── Supplied records ──
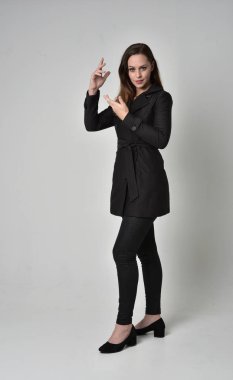 uzun, siyah ceket, gri studio arka plan üzerinde ayakta poz giyen bir esmer kız portresi tam uzunlukta.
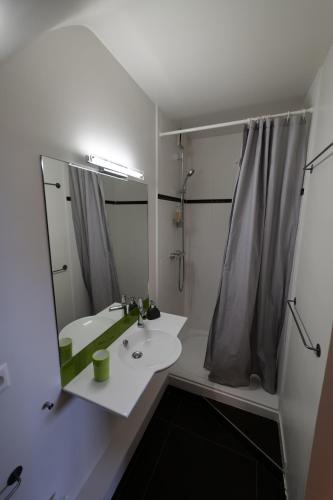a white bathroom with a sink and a shower at Libellules in Villeneuve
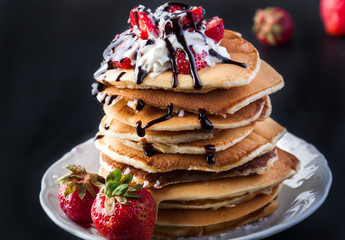  Stack of pancakes with strawberries, whip cream and chocolate syrup on a white plate on a black background. Copy space.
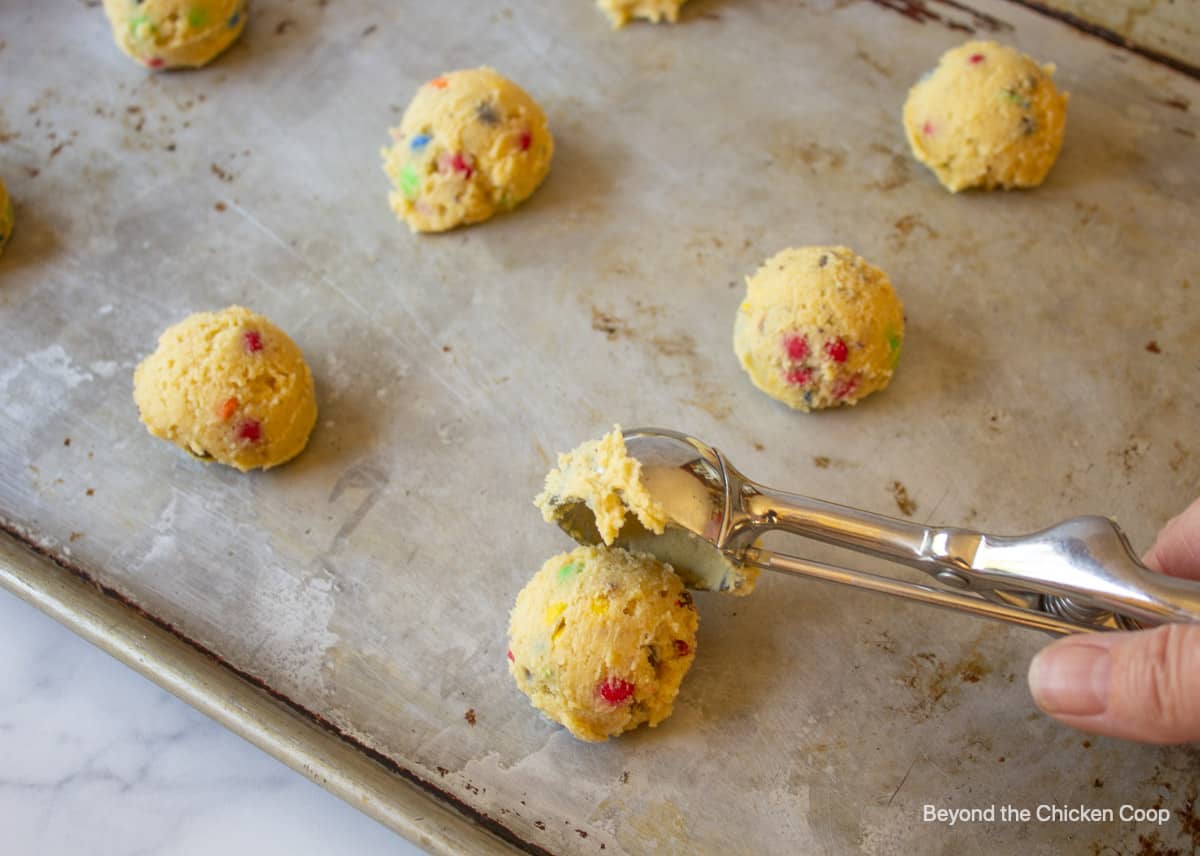 Scooping cookie dough onto a baking sheet.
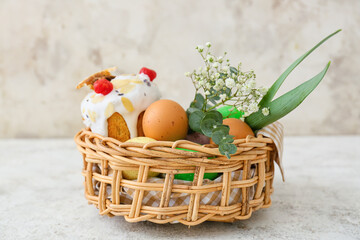 Gift basket with painted Easter eggs, flowers and cake on light background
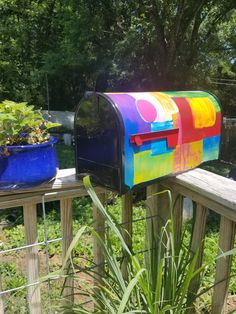 a colorful mailbox sitting on top of a wooden fence next to a potted plant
───
→ The task:
Exactly the lines from the line containing "a white bathroom" to the end of the records need to be copied, both ends included, with pictures left out.

→ Response area:
a white bathroom with a sink and a shower at Libellules in Villeneuve
  Stack of pancakes with strawberries, whip cream and chocolate syrup on a white plate on a black background. Copy space.
 Scooping cookie dough onto a baking sheet.
 Gift basket with painted Easter eggs, flowers and cake on light background
 a colorful mailbox sitting on top of a wooden fence next to a potted plant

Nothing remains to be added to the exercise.